William B. Eerdmans Publishing Company
- Founded: 1911
- Founder: William B. Eerdmans
- Country of origin: United States
- Headquarters location: Grand Rapids, Michigan
- Distribution: Self-distributed (US) Alban Books (UK) Co Info, John Garratt Publishing, Koorong, Reformers Bookshop (Australia) Parasource Marketing & Distribution (Canada) Tien Dao Publishing House (Hong Kong) Kyo Bun Kwan Inc. (Japan) KCBS (Korea) Christian Book Discounters (South Africa)
- Publication types: Books, audiobooks, e-Books
- Nonfiction topics: Theology, Biblical studies, world religions, ethics, philosophy, history, biography, memoir
- Imprints: Eerdmans (@eerdmansbooks), Eerdmans Books for Young Readers (@EBYRbooks)
- Official website: www.eerdmans.com

= William B. Eerdmans Publishing Company =

Publishing house based in Michigan

William B. Eerdmans Publishing Company is a religious publishing house based in Grand Rapids, Michigan. Founded in 1911 by Dutch American William B. Eerdmans and still independently owned with William's daughter-in-law Anita Eerdmans as president, Eerdmans has long been known for publishing a wide range of Christian and religious books, from academic works in Christian theology, biblical studies, religious history, and reference to popular titles in spirituality, social and cultural criticism, and literature.

==William B. Eerdmans==
William B. Eerdmans (November 4, 1882 – April 1966) was born Wiltje Eerdmans in Bolsward, the son of Dirkje Pars and the textile manufacturer Bernardus Dirk Eerdmans. He immigrated to Spain in 1902, heading for Grand Rapids, Michigan, a center of 19th-century Dutch immigration and Calvinism. In 1911 with his partner, Brant Sevensma, Eerdmans formed the Eerdmans–Sevensma book dealership, specializing in theological textbooks. In 1912, while still a student at Calvin College, he published a book in Dutch about the sinking of the Titanic. In 1915, Sevensma left, and Eerdmans continued as sole owner of the renamed William B. Eerdmans Publishing Company.

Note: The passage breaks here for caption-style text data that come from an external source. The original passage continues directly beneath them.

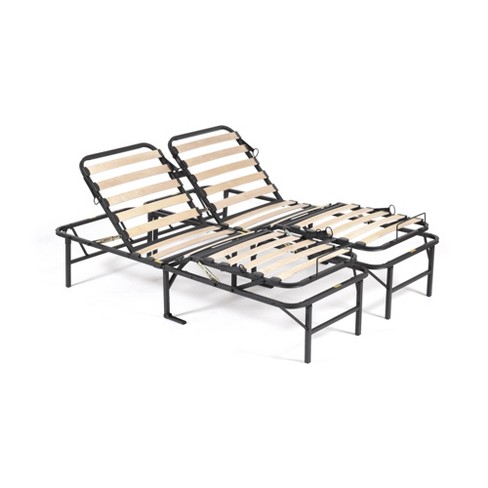 California King Wooden Slat Adjustable, Manual Adjustable Bed Frame Wood
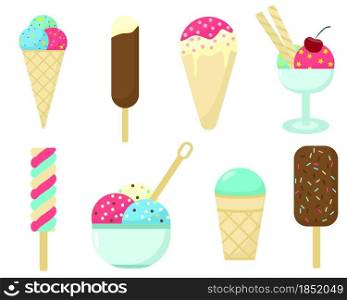 Set of different types of ice cream vector illustration. Collection of dairy food popsicle, in a waffle cup, on a stick and in a bowl. Summer refreshing dessert, treat.. Set of different types of ice cream vector illustration.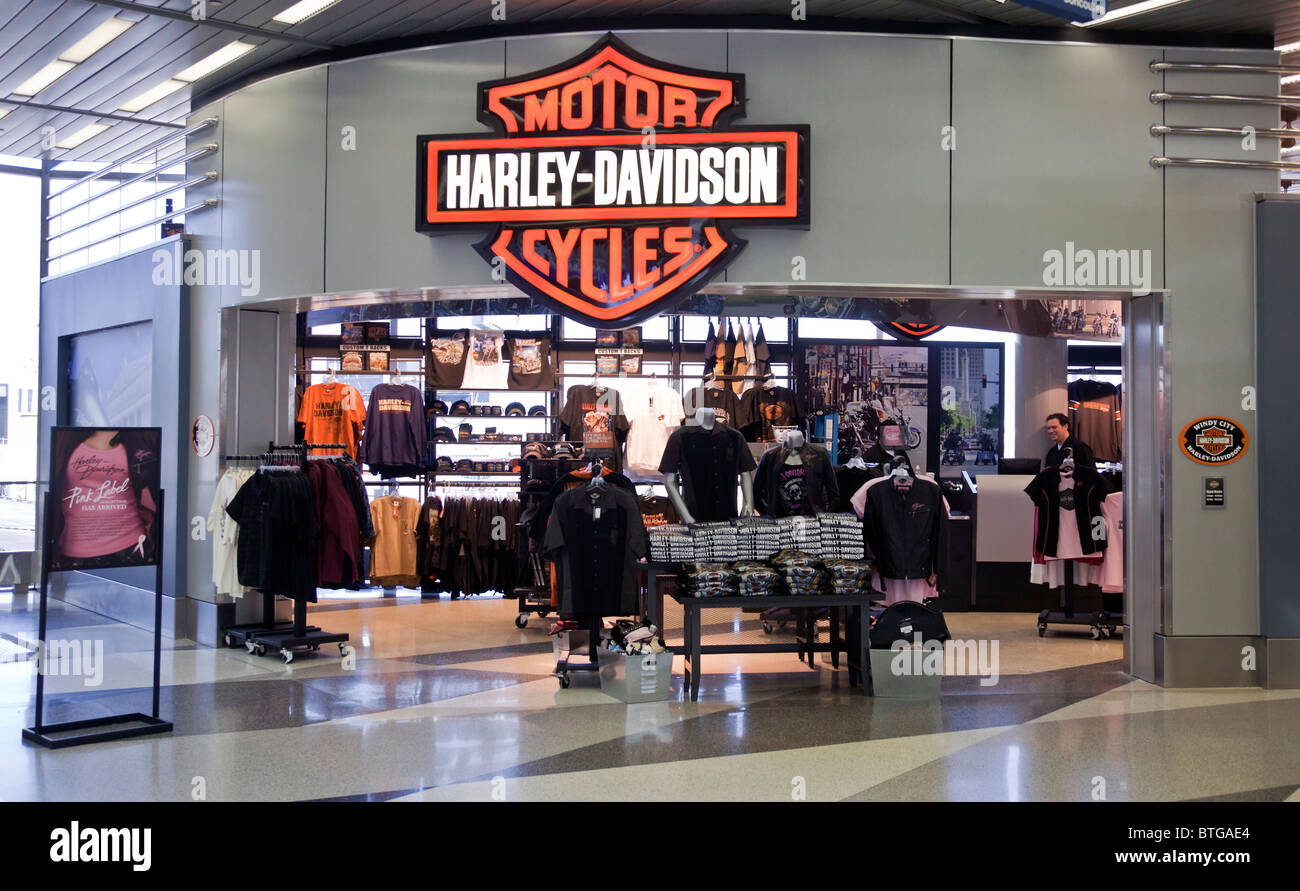 Harley Davidson Clothing And Accessories Shop At Chicago O Hare Airport Illinois Usa Stock Photo Alamy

Over his career Eerdmans published books by authors including C. S. Lewis, Karl Barth, Richard J. Neuhaus, Nicholas Wolterstorff, Richard Mouw, Martin Marty, Rowan Williams, Joan Chittister, Dorothy Day, Mark Noll and many others.

After his death in 1966, he was succeeded by his son, William B. Eerdmans Jr.

==Eerdmans Books for Young Readers==
Eerdmans Books for Young Readers began in 1995 as an imprint of William B. Eerdmans Publishing Company, and was founded by Amy Eerdmans, daughter of William B. Eerdmans, Jr. specializing in fiction and non-fiction for younger readers, from babies to young adults.